A sprawdziłeś ten emulator? odepnij wtyczkę z wtryskiwacza i wsadź tam żarówkę/diode i zobacz czy się świeci.
-
Co do mojego Poloneza. Na jednym z kabli do świec mam taką oto instalację. Czy to ona może powodować problemy z nie równą pracą zimnego silnika?
(http://iv.pl/images/35344570987921378219.jpg)
Ten kabelek idzie do parownika.
-
...zobacz w nocy lub w ciemnym miejscu czy te kable WN " nie sieja " moze kup nowe kable dobrej jakosci np.Kuguar z Elku . Moze tracic iskrę i wypada zaplon na ktoryms cylindrze . Faktycznie , teraz dopiero zauważyłem ten brazowy obizolowany wspolnie z kablem od wysokiego napiecia . Jest to kabel impulsowy do centralki LPG i tak jak Zoltan pisze wczesniej swiadczy o pracy silnika i generuje impulsy z pracujacego ukladu wysokiego napiecia do centralki LPG....
-
To kable "mówiący" instalacji gazowej, że silnik pracuje. Można to tak zostawić, albo podpiąć pod przewód sygnałowy z cewki.
-
To nie "mówiący że silnik pracuje" tylko kabelek mówiący jakie obroty ma silnik celem przełączenia na gaz przy zadanych obrotach.
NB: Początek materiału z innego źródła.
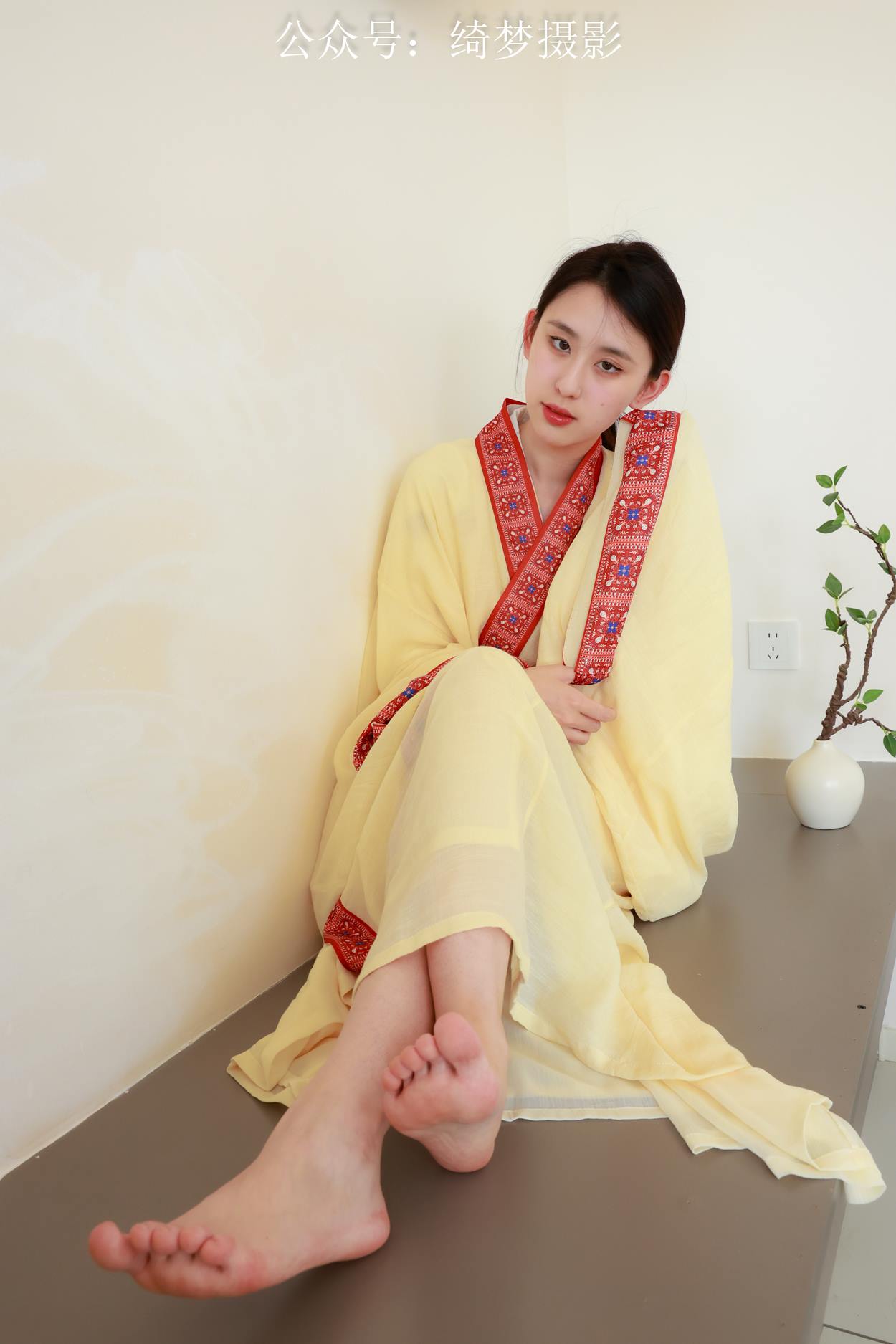 图片[23]-绮梦摄影 2024.09.10 NO.021 yaya 珍藏无修无水印版[144P] – 速更版-美库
Normalnie to się to do obrotomierza podłącza...
-
To nie "mówiący że silnik pracuje" tylko kabelek mówiący jakie obroty ma silnik celem przełączenia na gaz przy zadanych obrotach. Normalnie to się to do obrotomierza podłącza...
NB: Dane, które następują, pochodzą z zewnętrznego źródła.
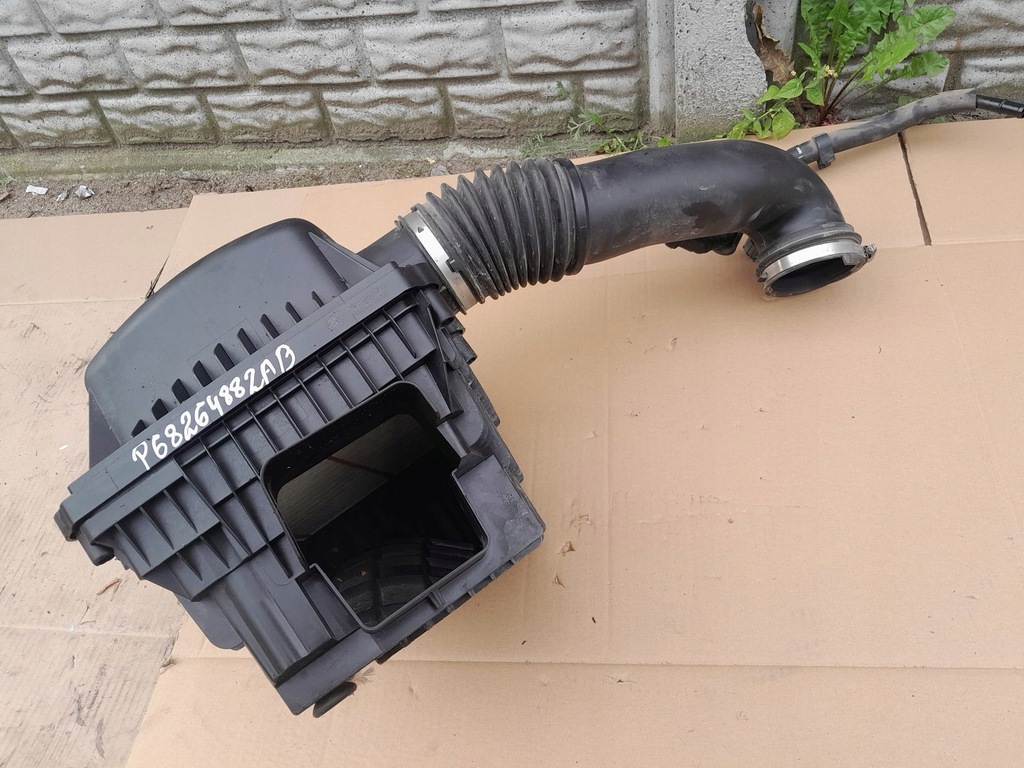фото №1, Корпус фильтра воздуха dodge ram 1500 v 68264882ab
to go odepnij w czasie pracy i zobaczysz co sie stanie :D
-
To ma na gaz przełączyć? U mnie na gaz przełącza nawet na zgaszonym silniku. Nie trzeba "przegazówki" robić.
-
Nie, to dokładnie mówiący, czy chodzi.
System przełączania po obrotach, może być, może nie i jest w przełaczniku, opiera się o ten kabel, ale to jest inna jego funkcja.